Speak to all the congregation of Israel, saying: ‘On the tenth of this month every man shall take for himself a lamb, according to the house of his father, a lamb for a household.
And if the household is too small for the lamb, let him and his neighbor next to his house take it according to the number of the persons; according to each man’s need you shall make your count for the lamb. Your lamb shall be without blemish, a male of the first year. You may take it from the sheep or from the goats.
Now you shall keep it until the fourteenth day of the same month. Then the whole assembly of the congregation of Israel shall kill it at twilight. And they shall take some of the blood and put it on the two doorposts and on the lintel of the houses where they eat it.

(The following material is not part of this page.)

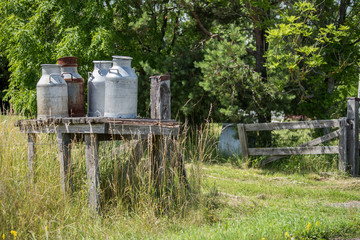 Traditional milk churn stand along a countryroad on Swedish Baltic sea island Öland for transport of milk cans to the dairy 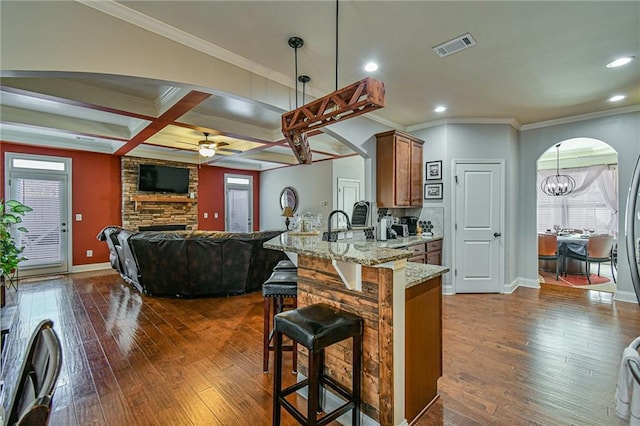 kitchen featuring pendant lighting, coffered ceiling, ceiling fan with notable chandelier, light stone counters, and dark hardwood / wood-style flooring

Then they shall eat the flesh on that night; roasted in fire, with unleavened bread and with bitter herbs they shall eat it. Do not eat it raw, nor boiled at all with water, but roasted in fire—its head with its legs and its entrails. You shall let none of it remain until morning, and what remains of it until morning you shall burn with fire. And thus you shall eat it: with a belt on your waist, your sandals on your feet, and your staff in your hand. So you shall eat it in haste. It is the Lord’s Passover.
For I will pass through the land of Egypt on that night, and will strike all the firstborn in the land of Egypt, both man and beast; and against all the gods of Egypt I will execute judgment: I am the Lord. Now the blood shall be a sign for you on the houses where you are. And when I see the blood, I will pass over you; and the plague shall not be on you to destroy you when I strike the land of Egypt.
So this day shall be to you a memorial; and you shall keep it as a feast to the Lord throughout your generations.
You shall keep it as a feast by an everlasting ordinance.’”
God first referred to the descendants of Jacob as “the whole congregation of Israel” in His detailed instructions to Moses (v.3). The children of Israel had entered Egypt a family of 70 (Gen. 46:27). They left Egypt as a nation of more than two million people. (1)
That the Jewish people have carefully adhered to God’s requirement to communicate the message of Passover to successive generations authenticates the historic event that also marks the founding of the nation of Israel some 3,500 years ago.
Without a doubt, God’s Chosen People have faithfully commemorated the first Passover as commanded in the Hebrew Scriptures. The celebration of Passover today confirms that the Jewish people continue to observe the feast as an everlasting ordinance. Just take a look in your local market. Kosher-for Passover foods are available everywhere at this time of year.
I think you’ll agree. The greatest miracle of Passover transcends the spectacular events of the Exodus. Each Jewish family celebrating the everlasting ordinance of Passover confirms God’s miraculous preservation of His Chosen People. (2)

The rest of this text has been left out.